**** SOURCE DATA ****
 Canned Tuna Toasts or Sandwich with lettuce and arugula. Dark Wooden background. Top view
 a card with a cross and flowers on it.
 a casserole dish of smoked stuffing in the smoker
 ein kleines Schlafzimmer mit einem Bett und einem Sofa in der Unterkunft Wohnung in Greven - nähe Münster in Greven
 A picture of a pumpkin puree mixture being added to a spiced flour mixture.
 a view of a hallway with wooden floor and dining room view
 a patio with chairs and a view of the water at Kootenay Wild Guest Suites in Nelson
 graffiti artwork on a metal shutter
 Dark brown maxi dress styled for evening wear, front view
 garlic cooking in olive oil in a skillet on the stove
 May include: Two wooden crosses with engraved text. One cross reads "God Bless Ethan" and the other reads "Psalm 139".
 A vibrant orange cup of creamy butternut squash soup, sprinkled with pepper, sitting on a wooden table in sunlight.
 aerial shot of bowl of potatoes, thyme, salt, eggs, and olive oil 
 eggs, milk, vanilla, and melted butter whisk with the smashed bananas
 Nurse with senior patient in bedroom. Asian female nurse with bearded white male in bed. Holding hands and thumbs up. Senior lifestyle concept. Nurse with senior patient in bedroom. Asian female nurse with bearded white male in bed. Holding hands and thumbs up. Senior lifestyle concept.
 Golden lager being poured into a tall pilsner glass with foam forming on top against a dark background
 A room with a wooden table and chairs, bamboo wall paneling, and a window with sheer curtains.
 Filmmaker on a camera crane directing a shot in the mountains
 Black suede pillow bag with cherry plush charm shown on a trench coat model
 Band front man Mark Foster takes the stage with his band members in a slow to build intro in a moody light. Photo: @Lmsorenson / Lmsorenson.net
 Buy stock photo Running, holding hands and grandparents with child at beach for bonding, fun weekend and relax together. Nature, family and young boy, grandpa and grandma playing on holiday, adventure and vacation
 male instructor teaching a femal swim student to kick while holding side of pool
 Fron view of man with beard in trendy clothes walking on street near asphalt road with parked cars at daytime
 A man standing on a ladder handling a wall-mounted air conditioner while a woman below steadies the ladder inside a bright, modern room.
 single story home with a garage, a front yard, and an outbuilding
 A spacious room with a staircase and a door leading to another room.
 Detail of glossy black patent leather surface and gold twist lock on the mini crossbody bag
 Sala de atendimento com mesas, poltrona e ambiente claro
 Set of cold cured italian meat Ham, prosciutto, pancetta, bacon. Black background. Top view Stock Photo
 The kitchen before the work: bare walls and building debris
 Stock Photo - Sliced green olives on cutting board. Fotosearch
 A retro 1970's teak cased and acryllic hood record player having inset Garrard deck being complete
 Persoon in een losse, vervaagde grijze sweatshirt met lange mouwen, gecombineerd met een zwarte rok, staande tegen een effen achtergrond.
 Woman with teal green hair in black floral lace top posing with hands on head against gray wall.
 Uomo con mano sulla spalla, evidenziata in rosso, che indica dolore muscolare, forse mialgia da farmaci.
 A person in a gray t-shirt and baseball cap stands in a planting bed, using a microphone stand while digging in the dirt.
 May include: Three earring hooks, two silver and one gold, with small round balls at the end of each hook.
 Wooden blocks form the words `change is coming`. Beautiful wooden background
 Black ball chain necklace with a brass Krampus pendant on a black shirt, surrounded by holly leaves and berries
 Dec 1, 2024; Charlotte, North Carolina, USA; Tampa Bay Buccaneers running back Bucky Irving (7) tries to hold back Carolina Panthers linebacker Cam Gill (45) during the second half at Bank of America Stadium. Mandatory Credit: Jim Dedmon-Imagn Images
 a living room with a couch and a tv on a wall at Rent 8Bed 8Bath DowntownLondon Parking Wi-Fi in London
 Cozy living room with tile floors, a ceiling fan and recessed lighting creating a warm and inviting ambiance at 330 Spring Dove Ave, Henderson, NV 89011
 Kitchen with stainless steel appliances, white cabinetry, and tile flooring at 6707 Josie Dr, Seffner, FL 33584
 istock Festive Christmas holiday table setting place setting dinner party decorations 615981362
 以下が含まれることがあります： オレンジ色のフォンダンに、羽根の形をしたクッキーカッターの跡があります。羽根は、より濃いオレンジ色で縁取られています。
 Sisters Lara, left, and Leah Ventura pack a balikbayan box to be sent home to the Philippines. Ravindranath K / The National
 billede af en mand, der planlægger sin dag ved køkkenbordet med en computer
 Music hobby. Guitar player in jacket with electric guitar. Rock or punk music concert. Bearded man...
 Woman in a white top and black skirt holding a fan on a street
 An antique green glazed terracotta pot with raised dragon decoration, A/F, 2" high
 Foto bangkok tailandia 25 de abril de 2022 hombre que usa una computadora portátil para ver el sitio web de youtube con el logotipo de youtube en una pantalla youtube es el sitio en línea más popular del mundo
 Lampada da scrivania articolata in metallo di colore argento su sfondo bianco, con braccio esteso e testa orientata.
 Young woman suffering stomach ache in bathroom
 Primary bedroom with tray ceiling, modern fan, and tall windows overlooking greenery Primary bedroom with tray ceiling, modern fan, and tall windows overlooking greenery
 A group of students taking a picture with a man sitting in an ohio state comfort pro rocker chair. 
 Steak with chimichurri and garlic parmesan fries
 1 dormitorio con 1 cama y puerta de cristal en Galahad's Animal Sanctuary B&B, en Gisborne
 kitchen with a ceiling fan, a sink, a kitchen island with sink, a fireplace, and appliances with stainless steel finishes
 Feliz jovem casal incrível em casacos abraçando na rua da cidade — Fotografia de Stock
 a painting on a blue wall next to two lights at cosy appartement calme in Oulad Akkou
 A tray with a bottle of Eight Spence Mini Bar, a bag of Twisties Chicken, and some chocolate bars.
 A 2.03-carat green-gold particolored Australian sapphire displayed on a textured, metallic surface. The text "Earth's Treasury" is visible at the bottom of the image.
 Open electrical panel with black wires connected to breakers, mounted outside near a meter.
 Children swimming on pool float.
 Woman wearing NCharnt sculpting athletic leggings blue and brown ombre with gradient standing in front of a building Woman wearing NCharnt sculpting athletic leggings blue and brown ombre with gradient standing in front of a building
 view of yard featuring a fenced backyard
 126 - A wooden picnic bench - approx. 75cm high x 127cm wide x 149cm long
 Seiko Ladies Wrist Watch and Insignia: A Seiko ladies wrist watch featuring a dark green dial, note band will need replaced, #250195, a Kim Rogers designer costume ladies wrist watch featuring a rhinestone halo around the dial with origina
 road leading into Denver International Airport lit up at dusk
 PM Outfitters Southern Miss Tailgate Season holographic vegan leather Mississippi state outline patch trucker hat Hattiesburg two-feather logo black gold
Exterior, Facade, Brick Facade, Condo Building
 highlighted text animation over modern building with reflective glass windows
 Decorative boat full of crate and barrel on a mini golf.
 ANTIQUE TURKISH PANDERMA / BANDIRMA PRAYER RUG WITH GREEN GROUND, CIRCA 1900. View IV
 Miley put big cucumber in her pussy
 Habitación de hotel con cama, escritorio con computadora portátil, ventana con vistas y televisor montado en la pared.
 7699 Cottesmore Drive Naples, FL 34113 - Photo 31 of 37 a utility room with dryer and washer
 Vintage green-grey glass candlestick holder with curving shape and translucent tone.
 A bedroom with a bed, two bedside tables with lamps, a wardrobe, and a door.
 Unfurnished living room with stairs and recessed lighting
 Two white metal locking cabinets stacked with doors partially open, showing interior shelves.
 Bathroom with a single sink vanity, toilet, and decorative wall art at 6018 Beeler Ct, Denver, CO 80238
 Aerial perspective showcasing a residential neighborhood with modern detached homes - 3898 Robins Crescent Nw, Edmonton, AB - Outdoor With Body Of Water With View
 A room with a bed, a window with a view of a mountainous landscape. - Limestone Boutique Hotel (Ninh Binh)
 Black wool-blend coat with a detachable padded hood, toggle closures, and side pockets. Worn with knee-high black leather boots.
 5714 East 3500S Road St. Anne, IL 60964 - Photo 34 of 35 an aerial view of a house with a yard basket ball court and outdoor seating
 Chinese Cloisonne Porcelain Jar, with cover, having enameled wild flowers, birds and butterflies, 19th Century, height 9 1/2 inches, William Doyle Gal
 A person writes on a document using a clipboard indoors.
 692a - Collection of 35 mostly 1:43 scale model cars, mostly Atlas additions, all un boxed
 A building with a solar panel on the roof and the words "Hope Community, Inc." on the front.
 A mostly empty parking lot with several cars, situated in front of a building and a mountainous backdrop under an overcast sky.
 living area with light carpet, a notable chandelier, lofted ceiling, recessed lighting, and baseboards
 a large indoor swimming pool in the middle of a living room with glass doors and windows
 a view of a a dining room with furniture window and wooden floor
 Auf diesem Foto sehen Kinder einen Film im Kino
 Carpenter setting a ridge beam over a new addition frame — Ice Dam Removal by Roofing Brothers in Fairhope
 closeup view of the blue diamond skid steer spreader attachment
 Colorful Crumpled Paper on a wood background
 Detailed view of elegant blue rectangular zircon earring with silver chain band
****
### [EXERCISE DESCRIPTION]
Restate the records above verbatim up to and including the line containing "eggs, milk, vanilla, and".

### [EXPECTED ANSWER]
 Canned Tuna Toasts or Sandwich with lettuce and arugula. Dark Wooden background. Top view
 a card with a cross and flowers on it.
 a casserole dish of smoked stuffing in the smoker
 ein kleines Schlafzimmer mit einem Bett und einem Sofa in der Unterkunft Wohnung in Greven - nähe Münster in Greven
 A picture of a pumpkin puree mixture being added to a spiced flour mixture.
 a view of a hallway with wooden floor and dining room view
 a patio with chairs and a view of the water at Kootenay Wild Guest Suites in Nelson
 graffiti artwork on a metal shutter
 Dark brown maxi dress styled for evening wear, front view
 garlic cooking in olive oil in a skillet on the stove
 May include: Two wooden crosses with engraved text. One cross reads "God Bless Ethan" and the other reads "Psalm 139".
 A vibrant orange cup of creamy butternut squash soup, sprinkled with pepper, sitting on a wooden table in sunlight.
 aerial shot of bowl of potatoes, thyme, salt, eggs, and olive oil 
 eggs, milk, vanilla, and melted butter whisk with the smashed bananas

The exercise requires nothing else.